These ideas were enabled by a system that is malleable enough to be used by citizens to reshape the political world.
That's a sign of robust good health.
Arizona's changing electorate represents a challenge. But not because it is changing. The challenge lies in the fact that those who register without party affiliation are not voting.
Ms. Valdez's "silver-bullet naivete" in support of the "top two primary" is not the answer, and would only make the problem worse -- another Goo-Goo gone bad initiative.
To my surprise, über-conservative columnist Robert Robb and I agree (albeit for different reasons) in an opinion he wrote on December 2. Open primary's flaw: It allows party labels:
Under the top-two system, all candidates run against all other candidates in the primary election, irrespective of party.

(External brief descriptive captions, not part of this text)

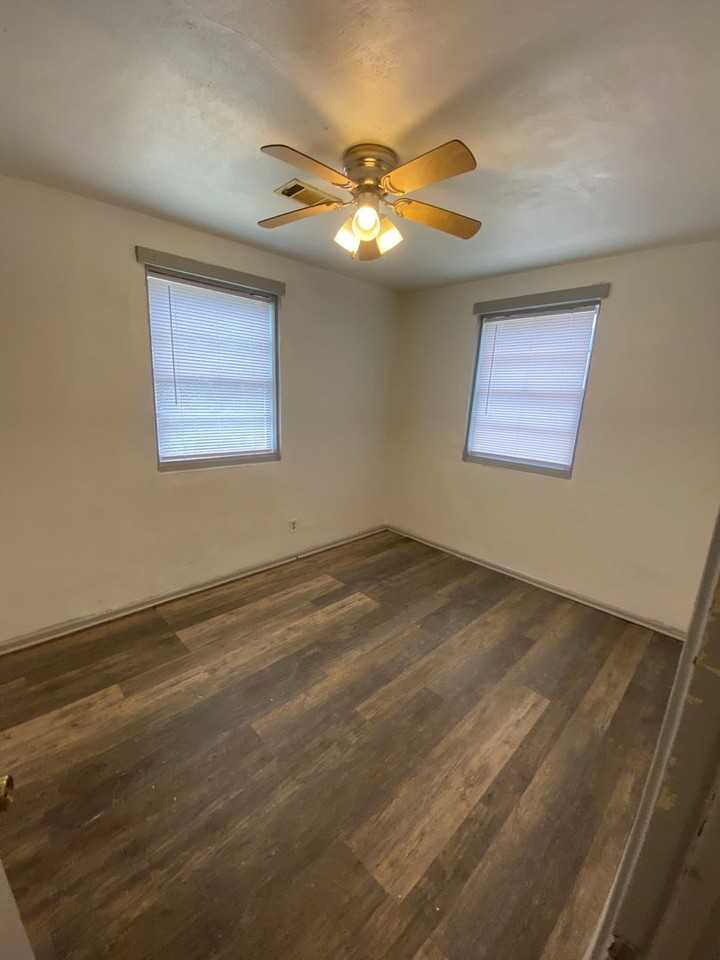 2512 Lumpkin Ct - Photo 5 of 10
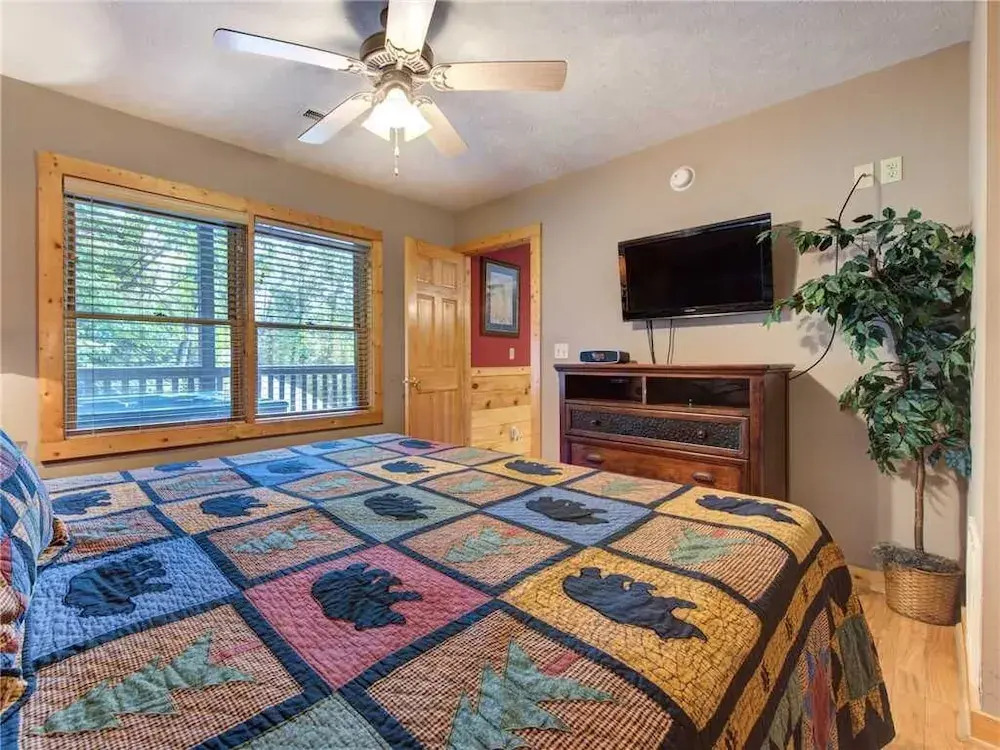 Bears Corner 3 Bedroom Home with Hot Tub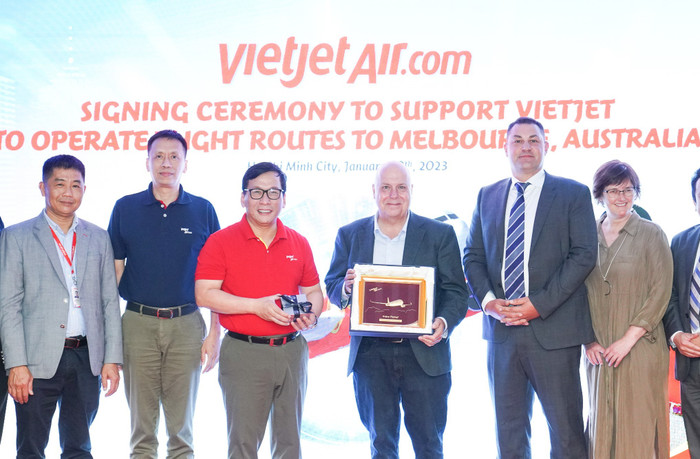 Giám đốc Điều hành Vietjet Đinh Việt Phương trao quà lưu niệm cho Bộ trưởng Tim Pallas Giám đốc Điều hành Vietjet Đinh Việt Phương trao quà lưu niệm cho Bộ trưởng Tim Pallas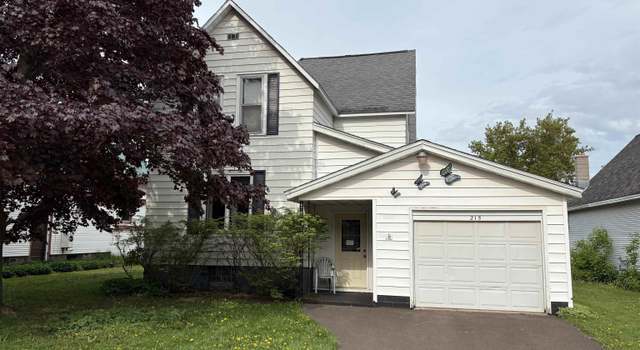 Photo of 215 Day St, Ironwood, MI 49938
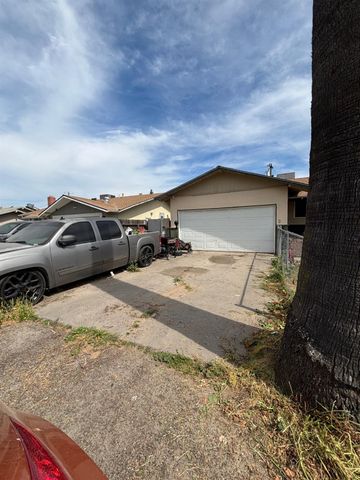 7360 Edythe Cir, Winton, CA 95388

The two top vote-getters in the primary then run off against each other in the general.
But the initiative being circulated in Arizona doesn't actually provide for nonpartisan elections. Candidates can still have their party preference printed on the ballot. In fact, candidates can invent their own parties. Under the initiative being circulated in Arizona, you could register and run as the Free Beer Party candidate if you wanted.
Under the top-two system, participation by independents in primaries will undoubtedly go up, but by how much is speculative. Chances are primary participation by independents will continue to lag considerably behind that of registered Republicans and Democrats.
* * *
Under the top-two system, the parties would still be scheming to get their candidates elected. Moreover, the places where a moderate Republican has the best chance to defeat a conservative one is precisely those places where Democrats think they might be able to steal a seat. ["Steal," Robb, really? As if Republicans have a divine right to the seat.]
* * *
Assuming that party identification continues to be a predictor of voting behavior, the drafters of Arizona's initiative have undermined their objective of making it easier for more moderate and less partisan candidates to get elected by permitting party labels on the ballot.
This is just the latest effort by those dissatisfied with the conservatism of the Arizona Legislature to change election results by changing election rules. . . All failed. . .
The top-two primary system might have a larger effect than previous efforts, but I suspect not by much.
Let's just put this misguided initiative to rest. Do not sign the petitions, and if it somehow makes it onto the 2012 ballot, do not vote for it.